The PEG ratio (forward P/E divided by expected earnings growth rate) is the most precise measure of undervaluation relative to growth potential.

By this metric, JPMorgan Chase & Co. (JPM) is the more undervalued stock at a PEG of 0. 81x versus Bank of America Corporation's 0. 82x. A PEG below 1. 0 is traditionally considered the threshold for growth-adjusted undervaluation. On forward earnings alone, Bank of America Corporation (BAC) trades at 12. 6x forward P/E versus 14. 4x for JPMorgan Chase & Co. — 1. 8x cheaper on a one-year earnings basis. Analyst consensus price targets imply the most upside for BAC: 9. 1% to $61. 13.

08

Which pays a better dividend — JPM or BAC?

All stocks in this comparison pay dividends.

Bank of America Corporation (BAC) offers the highest yield at 2. 3%, versus 1. 9% for JPMorgan Chase & Co. (JPM).

09

Is JPM or BAC better for a retirement portfolio?

For long-horizon retirement investors, Bank of America Corporation (BAC) is the stronger choice — it scores higher on the combination of lower volatility, dividend reliability, and long-term compounding (low volatility (β 0.

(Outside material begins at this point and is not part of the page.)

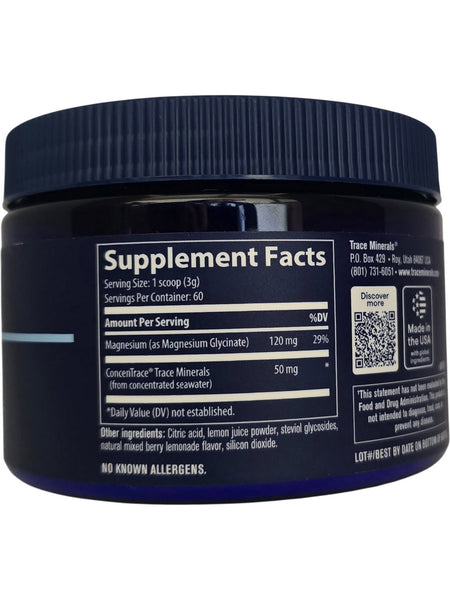 Trace Minerals, Magnesium Glycinate Powder, Mixed Berry Lemonade, 180 g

86), 2. 3% yield, +368. 2% 10Y return). Both have compounded well over 10 years (BAC: +368. 2%, JPM: +465. 8%), confirming both are viable long-term holds — but the lower-volatility option typically results in less emotional selling during corrections. Retirement portfolios generally favour predictability over maximum returns. Consult a financial advisor before making allocation decisions.

10

What are the main differences between JPM and BAC?

Both stocks operate in the Financial Services sector, making this a peer-level intra-sector comparison — the same macro tailwinds and headwinds will affect both.

These fundamental differences mean investors should not choose between them on a single metric — the "better stock" depends entirely on which of these characteristics aligns with your investment strategy.

You Might Also Compare

Based on how these companies actually compete and overlap — not just which sector they're filed under.